A workflow engine has a different responsibility than an ordinary web request. A request should validate intent, record state, and return quickly. A workflow may need to execute steps, call tools, wait for approvals, retry failures, and write durable execution history over time.

That distinction leads to an important architecture decision: workflows should not run as one long-lived request inside the web application or API runtime. The API should create an execution job, persist the workflow run, and hand the work to managed worker infrastructure.

This keeps the interactive product responsive. A user can click Run now, see that the workflow has been queued, and continue using the product while the backend work proceeds independently.

The worker path also gives the system a better failure boundary. If a workflow step fails, times out, or hits a transient dependency problem, the failure belongs to an execution job and run record. It should not threaten the health of the main application process.

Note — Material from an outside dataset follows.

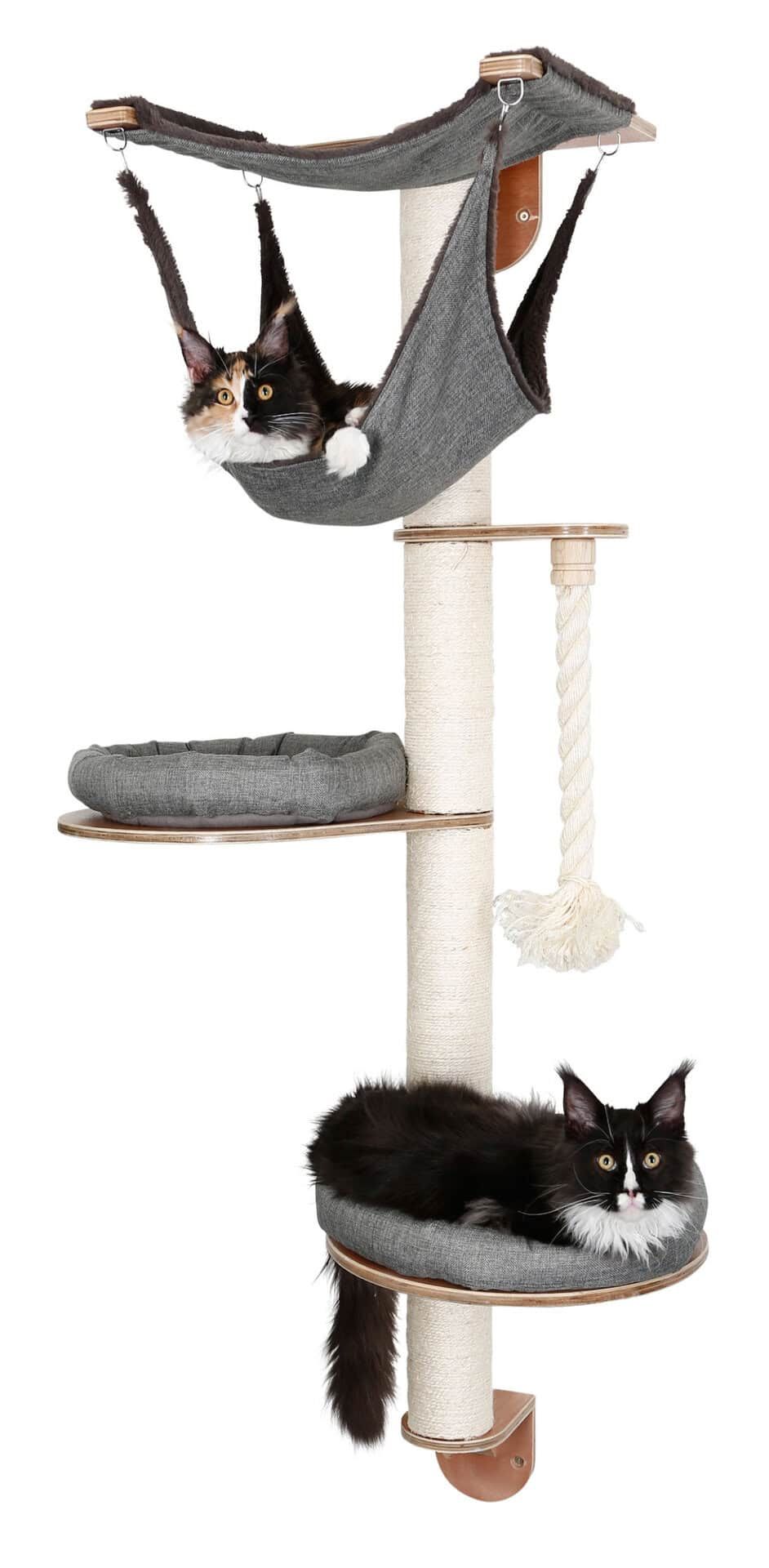 Kerbl Wall-Mounted Cat Tree Dolomit 2.0 Tofana 160cm, in use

A job-driven model also makes scheduling cleaner. Manual runs, scheduled runs, approval continuations, and retries can all enter the same execution path: create a job, let a worker claim or receive it, update run and step state, and exit when the assigned work is done.

This avoids a common trap where scheduled workflows behave differently from manual workflows because the scheduler runs business logic directly. The scheduler should select due workflows and create jobs. It should not become a second workflow runner.

Retries should follow the same principle. A retry should create a fresh execution job rather than trying to mutate a running worker process. That makes retry behavior easier to reason about, easier to audit, and easier to show in the product.

The original failed run should remain visible. The retry should be explicit. If the retry creates a new run, it should link back to the original so operators can understand the sequence of attempts.

The practical design rule is simple: important workflow state should not live only in memory. Every run, step, pause, continuation, failure, retry, and outcome should be represented as durable records that the product can inspect.